On the Bike Path, with Lori and Clover

This is an essay written about 2 years ago. Unfortunately for all of us, Lori & I don't have time currently for walks with Clover.

One of the best parts about living in Granville is the bike path. My house is about a quarter mile from the community park that lies beside the path. My dog, Clover, and I drive there 3 or 4 times a week (in a good week) to meet my friend Lori and we walk for exercise, enjoyment of nature and companionship. Clover loves Lori. Just the sight of her car can send her into a frantic, manic tizzy in which she is bouncing in circles, desperately trying to form words out of her whines, all the while turning back to look at me to be sure I have seen her too.

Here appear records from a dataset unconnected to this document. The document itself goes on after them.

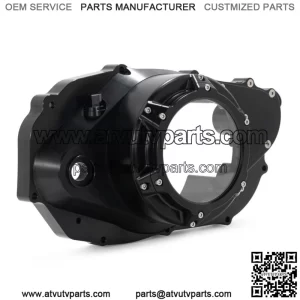 For Yamaha Banshee 350 YFZ350 Aluminum Lock Up Clutch Cover 2GU-15421-00-00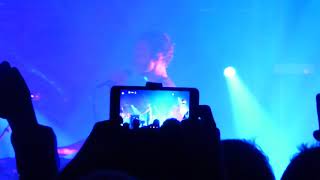 Editors - Papillon (intro) - Live @ Manchester Cathedral - 5-3-2018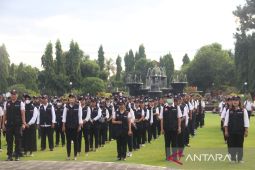 KPU Buleleng lantik 2.275 petugas Pantarlih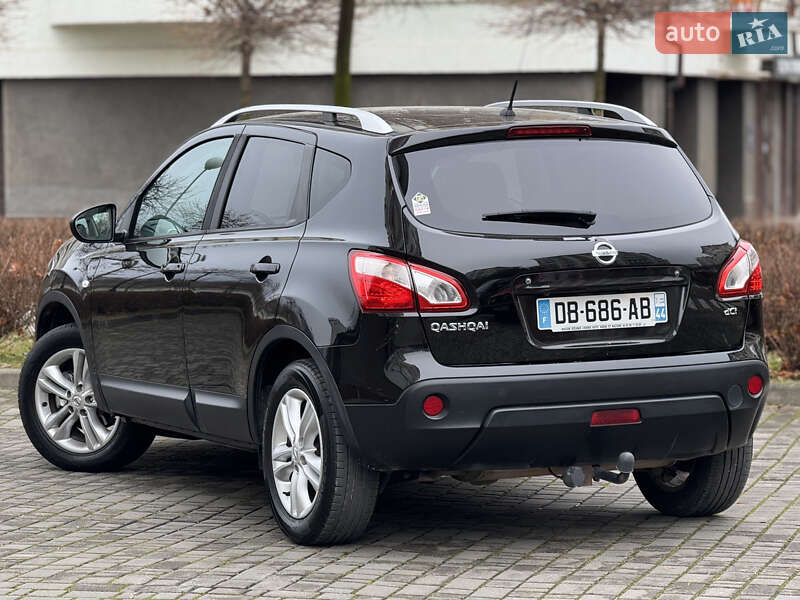 Внедорожник / Кроссовер Nissan Qashqai 2013 в Ивано-Франковске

Regulated by the minimal amount of gray matter in her dog brain, Clover will bound recklessly toward Lori’s car in an enthusiastic and premature effort to welcome Lori to the park. She seems to believe that Lori’s car is an extension of Lori herself, and is therefore nothing to fear. I hold onto her collar, until the car is safely situated in a parking space, then let Clover run up to the driver’s side door, ready to greet our friend with leaps of joy and slobbery doggie kisses. Yuck. The business of greeting is perfunctory, though. There is a bike path waiting and we must be off.

F
or Clover, a walk is more than a chance for exercise. There is dog-work to be done. There are smells to be smelled, squirrels to chase, ground hogs to flush out and intriguing holes to explore. If she catches a scent, but hasn’t located its source, she sniffs at the air, and comes to attention. Her ears, which normally fold in the middle like a collie’s, stand straight up and she resembles a half-sized German shepherd.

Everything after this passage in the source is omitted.